WHAT YOU WILL DO: Transcribe the data underneath exactly, keeping every word in place.

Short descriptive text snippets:
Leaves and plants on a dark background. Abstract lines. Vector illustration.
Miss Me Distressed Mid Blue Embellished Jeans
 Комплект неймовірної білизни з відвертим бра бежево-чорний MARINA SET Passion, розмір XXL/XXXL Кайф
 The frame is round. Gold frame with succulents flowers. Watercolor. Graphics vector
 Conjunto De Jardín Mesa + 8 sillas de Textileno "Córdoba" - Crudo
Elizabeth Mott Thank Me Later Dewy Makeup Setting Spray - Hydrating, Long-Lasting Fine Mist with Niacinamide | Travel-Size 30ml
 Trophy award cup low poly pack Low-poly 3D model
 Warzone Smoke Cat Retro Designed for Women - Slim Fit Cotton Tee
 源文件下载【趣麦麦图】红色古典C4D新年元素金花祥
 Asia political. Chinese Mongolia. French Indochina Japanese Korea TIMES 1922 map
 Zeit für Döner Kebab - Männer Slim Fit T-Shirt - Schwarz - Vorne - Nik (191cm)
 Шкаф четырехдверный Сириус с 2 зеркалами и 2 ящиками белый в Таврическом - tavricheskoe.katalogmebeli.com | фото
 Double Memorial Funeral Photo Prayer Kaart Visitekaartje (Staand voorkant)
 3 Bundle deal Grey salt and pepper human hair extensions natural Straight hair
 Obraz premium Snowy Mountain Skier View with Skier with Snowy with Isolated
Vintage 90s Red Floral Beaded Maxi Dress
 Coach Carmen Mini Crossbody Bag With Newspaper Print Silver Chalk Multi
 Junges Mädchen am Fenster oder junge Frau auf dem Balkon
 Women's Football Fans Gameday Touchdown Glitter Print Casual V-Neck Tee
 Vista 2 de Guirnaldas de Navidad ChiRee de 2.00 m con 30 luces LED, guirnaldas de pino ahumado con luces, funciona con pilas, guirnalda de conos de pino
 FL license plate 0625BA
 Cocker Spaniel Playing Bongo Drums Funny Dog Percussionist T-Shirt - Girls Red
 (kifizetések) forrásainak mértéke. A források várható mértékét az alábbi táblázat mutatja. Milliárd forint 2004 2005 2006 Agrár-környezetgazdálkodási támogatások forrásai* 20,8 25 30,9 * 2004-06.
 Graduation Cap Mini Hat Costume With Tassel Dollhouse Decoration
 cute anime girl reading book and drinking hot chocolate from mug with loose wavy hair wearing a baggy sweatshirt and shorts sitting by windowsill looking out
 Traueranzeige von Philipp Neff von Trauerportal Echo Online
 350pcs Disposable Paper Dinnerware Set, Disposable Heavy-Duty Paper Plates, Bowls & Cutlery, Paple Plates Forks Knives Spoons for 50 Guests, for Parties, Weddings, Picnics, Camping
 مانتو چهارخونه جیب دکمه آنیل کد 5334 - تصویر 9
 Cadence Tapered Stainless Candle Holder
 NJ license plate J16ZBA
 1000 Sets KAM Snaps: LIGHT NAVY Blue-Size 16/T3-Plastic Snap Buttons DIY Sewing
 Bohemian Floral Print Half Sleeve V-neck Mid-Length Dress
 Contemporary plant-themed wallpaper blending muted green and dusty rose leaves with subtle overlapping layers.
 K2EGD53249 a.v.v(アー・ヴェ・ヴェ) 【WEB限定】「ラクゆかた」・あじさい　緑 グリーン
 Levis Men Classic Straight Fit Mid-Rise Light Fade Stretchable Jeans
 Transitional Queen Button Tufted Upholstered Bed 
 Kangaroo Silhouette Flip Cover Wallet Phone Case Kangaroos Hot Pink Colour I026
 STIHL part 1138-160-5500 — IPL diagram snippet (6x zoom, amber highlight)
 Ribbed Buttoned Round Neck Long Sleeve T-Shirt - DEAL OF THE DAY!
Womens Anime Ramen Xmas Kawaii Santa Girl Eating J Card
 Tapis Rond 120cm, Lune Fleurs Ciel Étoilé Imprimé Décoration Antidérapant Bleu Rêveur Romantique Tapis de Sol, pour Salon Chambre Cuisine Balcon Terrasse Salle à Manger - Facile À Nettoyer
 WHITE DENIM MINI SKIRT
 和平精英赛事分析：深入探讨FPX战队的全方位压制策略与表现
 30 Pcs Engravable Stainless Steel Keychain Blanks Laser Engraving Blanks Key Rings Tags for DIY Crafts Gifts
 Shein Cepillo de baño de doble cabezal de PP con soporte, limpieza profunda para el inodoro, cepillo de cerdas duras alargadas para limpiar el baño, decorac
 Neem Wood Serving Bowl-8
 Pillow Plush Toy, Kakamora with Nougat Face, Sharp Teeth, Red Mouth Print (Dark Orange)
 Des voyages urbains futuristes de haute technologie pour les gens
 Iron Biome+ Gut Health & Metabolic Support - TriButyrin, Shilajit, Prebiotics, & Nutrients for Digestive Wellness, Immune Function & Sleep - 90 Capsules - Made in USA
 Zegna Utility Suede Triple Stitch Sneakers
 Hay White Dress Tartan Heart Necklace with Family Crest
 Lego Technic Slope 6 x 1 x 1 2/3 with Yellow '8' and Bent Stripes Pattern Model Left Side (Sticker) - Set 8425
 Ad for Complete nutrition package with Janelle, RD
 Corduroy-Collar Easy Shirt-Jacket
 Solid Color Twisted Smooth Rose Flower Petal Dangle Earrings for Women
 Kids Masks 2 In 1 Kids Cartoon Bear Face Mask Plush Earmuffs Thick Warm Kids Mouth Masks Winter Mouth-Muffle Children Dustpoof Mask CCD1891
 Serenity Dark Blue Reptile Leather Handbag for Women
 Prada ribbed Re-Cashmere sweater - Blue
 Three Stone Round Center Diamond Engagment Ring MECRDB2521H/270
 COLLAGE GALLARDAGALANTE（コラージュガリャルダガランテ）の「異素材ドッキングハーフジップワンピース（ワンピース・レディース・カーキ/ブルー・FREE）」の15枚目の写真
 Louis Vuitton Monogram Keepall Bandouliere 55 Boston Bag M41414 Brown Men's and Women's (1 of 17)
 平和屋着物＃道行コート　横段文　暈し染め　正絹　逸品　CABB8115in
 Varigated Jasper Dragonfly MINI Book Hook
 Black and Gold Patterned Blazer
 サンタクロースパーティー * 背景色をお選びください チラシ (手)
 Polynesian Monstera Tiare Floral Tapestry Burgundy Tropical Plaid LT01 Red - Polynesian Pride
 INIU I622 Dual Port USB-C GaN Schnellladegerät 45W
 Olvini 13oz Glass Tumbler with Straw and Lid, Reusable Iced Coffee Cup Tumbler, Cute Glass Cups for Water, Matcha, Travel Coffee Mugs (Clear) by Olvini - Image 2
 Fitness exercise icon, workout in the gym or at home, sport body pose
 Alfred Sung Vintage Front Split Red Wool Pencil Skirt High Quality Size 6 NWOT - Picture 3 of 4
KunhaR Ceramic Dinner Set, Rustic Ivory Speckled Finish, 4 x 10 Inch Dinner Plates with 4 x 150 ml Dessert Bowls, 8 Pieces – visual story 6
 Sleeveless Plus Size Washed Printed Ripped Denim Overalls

EXPECTED OUTPUT:
Leaves and plants on a dark background. Abstract lines. Vector illustration.
Miss Me Distressed Mid Blue Embellished Jeans
 Комплект неймовірної білизни з відвертим бра бежево-чорний MARINA SET Passion, розмір XXL/XXXL Кайф
 The frame is round. Gold frame with succulents flowers. Watercolor. Graphics vector
 Conjunto De Jardín Mesa + 8 sillas de Textileno "Córdoba" - Crudo
Elizabeth Mott Thank Me Later Dewy Makeup Setting Spray - Hydrating, Long-Lasting Fine Mist with Niacinamide | Travel-Size 30ml
 Trophy award cup low poly pack Low-poly 3D model
 Warzone Smoke Cat Retro Designed for Women - Slim Fit Cotton Tee
 源文件下载【趣麦麦图】红色古典C4D新年元素金花祥
 Asia political. Chinese Mongolia. French Indochina Japanese Korea TIMES 1922 map
 Zeit für Döner Kebab - Männer Slim Fit T-Shirt - Schwarz - Vorne - Nik (191cm)
 Шкаф четырехдверный Сириус с 2 зеркалами и 2 ящиками белый в Таврическом - tavricheskoe.katalogmebeli.com | фото
 Double Memorial Funeral Photo Prayer Kaart Visitekaartje (Staand voorkant)
 3 Bundle deal Grey salt and pepper human hair extensions natural Straight hair
 Obraz premium Snowy Mountain Skier View with Skier with Snowy with Isolated
Vintage 90s Red Floral Beaded Maxi Dress
 Coach Carmen Mini Crossbody Bag With Newspaper Print Silver Chalk Multi
 Junges Mädchen am Fenster oder junge Frau auf dem Balkon
 Women's Football Fans Gameday Touchdown Glitter Print Casual V-Neck Tee
 Vista 2 de Guirnaldas de Navidad ChiRee de 2.00 m con 30 luces LED, guirnaldas de pino ahumado con luces, funciona con pilas, guirnalda de conos de pino
 FL license plate 0625BA
 Cocker Spaniel Playing Bongo Drums Funny Dog Percussionist T-Shirt - Girls Red
 (kifizetések) forrásainak mértéke. A források várható mértékét az alábbi táblázat mutatja. Milliárd forint 2004 2005 2006 Agrár-környezetgazdálkodási támogatások forrásai* 20,8 25 30,9 * 2004-06.
 Graduation Cap Mini Hat Costume With Tassel Dollhouse Decoration
 cute anime girl reading book and drinking hot chocolate from mug with loose wavy hair wearing a baggy sweatshirt and shorts sitting by windowsill looking out
 Traueranzeige von Philipp Neff von Trauerportal Echo Online
 350pcs Disposable Paper Dinnerware Set, Disposable Heavy-Duty Paper Plates, Bowls & Cutlery, Paple Plates Forks Knives Spoons for 50 Guests, for Parties, Weddings, Picnics, Camping
 مانتو چهارخونه جیب دکمه آنیل کد 5334 - تصویر 9
 Cadence Tapered Stainless Candle Holder
 NJ license plate J16ZBA
 1000 Sets KAM Snaps: LIGHT NAVY Blue-Size 16/T3-Plastic Snap Buttons DIY Sewing
 Bohemian Floral Print Half Sleeve V-neck Mid-Length Dress
 Contemporary plant-themed wallpaper blending muted green and dusty rose leaves with subtle overlapping layers.
 K2EGD53249 a.v.v(アー・ヴェ・ヴェ) 【WEB限定】「ラクゆかた」・あじさい　緑 グリーン
 Levis Men Classic Straight Fit Mid-Rise Light Fade Stretchable Jeans
 Transitional Queen Button Tufted Upholstered Bed 
 Kangaroo Silhouette Flip Cover Wallet Phone Case Kangaroos Hot Pink Colour I026
 STIHL part 1138-160-5500 — IPL diagram snippet (6x zoom, amber highlight)
 Ribbed Buttoned Round Neck Long Sleeve T-Shirt - DEAL OF THE DAY!
Womens Anime Ramen Xmas Kawaii Santa Girl Eating J Card
 Tapis Rond 120cm, Lune Fleurs Ciel Étoilé Imprimé Décoration Antidérapant Bleu Rêveur Romantique Tapis de Sol, pour Salon Chambre Cuisine Balcon Terrasse Salle à Manger - Facile À Nettoyer
 WHITE DENIM MINI SKIRT
 和平精英赛事分析：深入探讨FPX战队的全方位压制策略与表现
 30 Pcs Engravable Stainless Steel Keychain Blanks Laser Engraving Blanks Key Rings Tags for DIY Crafts Gifts
 Shein Cepillo de baño de doble cabezal de PP con soporte, limpieza profunda para el inodoro, cepillo de cerdas duras alargadas para limpiar el baño, decorac
 Neem Wood Serving Bowl-8
 Pillow Plush Toy, Kakamora with Nougat Face, Sharp Teeth, Red Mouth Print (Dark Orange)
 Des voyages urbains futuristes de haute technologie pour les gens
 Iron Biome+ Gut Health & Metabolic Support - TriButyrin, Shilajit, Prebiotics, & Nutrients for Digestive Wellness, Immune Function & Sleep - 90 Capsules - Made in USA
 Zegna Utility Suede Triple Stitch Sneakers
 Hay White Dress Tartan Heart Necklace with Family Crest
 Lego Technic Slope 6 x 1 x 1 2/3 with Yellow '8' and Bent Stripes Pattern Model Left Side (Sticker) - Set 8425
 Ad for Complete nutrition package with Janelle, RD
 Corduroy-Collar Easy Shirt-Jacket
 Solid Color Twisted Smooth Rose Flower Petal Dangle Earrings for Women
 Kids Masks 2 In 1 Kids Cartoon Bear Face Mask Plush Earmuffs Thick Warm Kids Mouth Masks Winter Mouth-Muffle Children Dustpoof Mask CCD1891
 Serenity Dark Blue Reptile Leather Handbag for Women
 Prada ribbed Re-Cashmere sweater - Blue
 Three Stone Round Center Diamond Engagment Ring MECRDB2521H/270
 COLLAGE GALLARDAGALANTE（コラージュガリャルダガランテ）の「異素材ドッキングハーフジップワンピース（ワンピース・レディース・カーキ/ブルー・FREE）」の15枚目の写真
 Louis Vuitton Monogram Keepall Bandouliere 55 Boston Bag M41414 Brown Men's and Women's (1 of 17)
 平和屋着物＃道行コート　横段文　暈し染め　正絹　逸品　CABB8115in
 Varigated Jasper Dragonfly MINI Book Hook
 Black and Gold Patterned Blazer
 サンタクロースパーティー * 背景色をお選びください チラシ (手)
 Polynesian Monstera Tiare Floral Tapestry Burgundy Tropical Plaid LT01 Red - Polynesian Pride
 INIU I622 Dual Port USB-C GaN Schnellladegerät 45W
 Olvini 13oz Glass Tumbler with Straw and Lid, Reusable Iced Coffee Cup Tumbler, Cute Glass Cups for Water, Matcha, Travel Coffee Mugs (Clear) by Olvini - Image 2
 Fitness exercise icon, workout in the gym or at home, sport body pose
 Alfred Sung Vintage Front Split Red Wool Pencil Skirt High Quality Size 6 NWOT - Picture 3 of 4
KunhaR Ceramic Dinner Set, Rustic Ivory Speckled Finish, 4 x 10 Inch Dinner Plates with 4 x 150 ml Dessert Bowls, 8 Pieces – visual story 6
 Sleeveless Plus Size Washed Printed Ripped Denim Overalls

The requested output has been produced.